**EXTRACTED INFORMATION**

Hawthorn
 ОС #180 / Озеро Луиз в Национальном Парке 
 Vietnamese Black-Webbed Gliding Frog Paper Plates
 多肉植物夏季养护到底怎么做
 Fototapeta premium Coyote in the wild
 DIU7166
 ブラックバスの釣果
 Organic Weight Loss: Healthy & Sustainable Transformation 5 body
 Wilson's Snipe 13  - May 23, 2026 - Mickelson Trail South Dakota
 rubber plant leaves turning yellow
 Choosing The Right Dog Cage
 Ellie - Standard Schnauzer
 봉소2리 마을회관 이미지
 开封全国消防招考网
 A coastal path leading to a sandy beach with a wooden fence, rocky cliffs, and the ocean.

**TRY IT**
Transcribe the data above exactly as it reads.

**RESULT BELOW**
Hawthorn
 ОС #180 / Озеро Луиз в Национальном Парке 
 Vietnamese Black-Webbed Gliding Frog Paper Plates
 多肉植物夏季养护到底怎么做
 Fototapeta premium Coyote in the wild
 DIU7166
 ブラックバスの釣果
 Organic Weight Loss: Healthy & Sustainable Transformation 5 body
 Wilson's Snipe 13  - May 23, 2026 - Mickelson Trail South Dakota
 rubber plant leaves turning yellow
 Choosing The Right Dog Cage
 Ellie - Standard Schnauzer
 봉소2리 마을회관 이미지
 开封全国消防招考网
 A coastal path leading to a sandy beach with a wooden fence, rocky cliffs, and the ocean.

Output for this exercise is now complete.